## anonymous 4 years ago 21.) For what values of x may (x+1)^(1/3) be replaced by x^(1/3), if the allowable error is 0.01? ans... x>192 22.) For what values of x may (x+1)^(1/4) be replaced by x^(1/4), if the allowable error is 0.01? ans... x>73

1. anonymous

2. mathmate

21. Solve $(x+1)^{1/3}-x^{1/3}=0.01$ Depending what maths you're doing, you can solve the equation by trial and error or by Newton's method.
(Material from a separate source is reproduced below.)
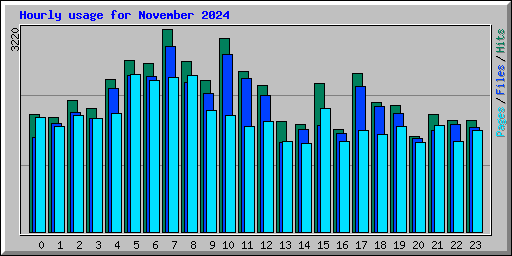 Hourly usage for November 2024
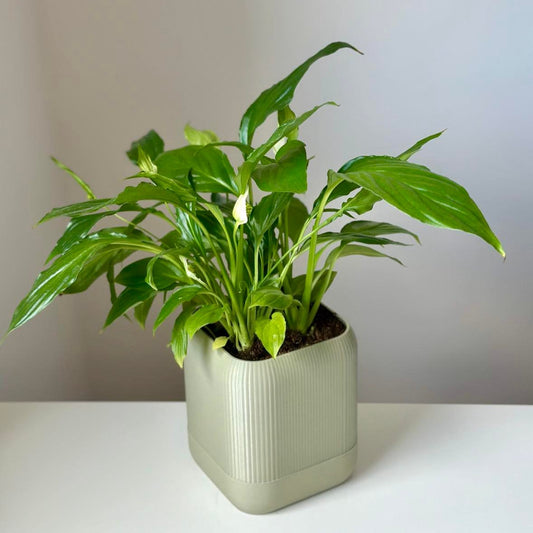 Self watering planter Classy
You'll find that for x$$\le$$192, the left-hand-side is greater than 0.01. So the answer is x>192. For #22, the process is the same.

3. anonymous

Thanks, but what's the solution using approximating formulas (Differentials)?

4. mathmate

Thanks for providing the context. Let f(x)=x^(1/3) f'(x)=(1/3)x^(-2/3) Using linearization, $$\Delta f = f'(x) \Delta x$$ Put $$\Delta x=1\, \ and\ \Delta f = 0.01,$$ we get $$f'(x)=\frac{1}{3}x^{-\frac{2}{3}}=0.01/1=0.01$$ solving, $$x=(3*0.01)^{-\frac{3}{2}}=192.45009\ (approx.)$$

5. anonymous

Thanks a lot! We haven't discussed linearization yet though (I don't even know what it is yet) but I'll try to understand. Thanks!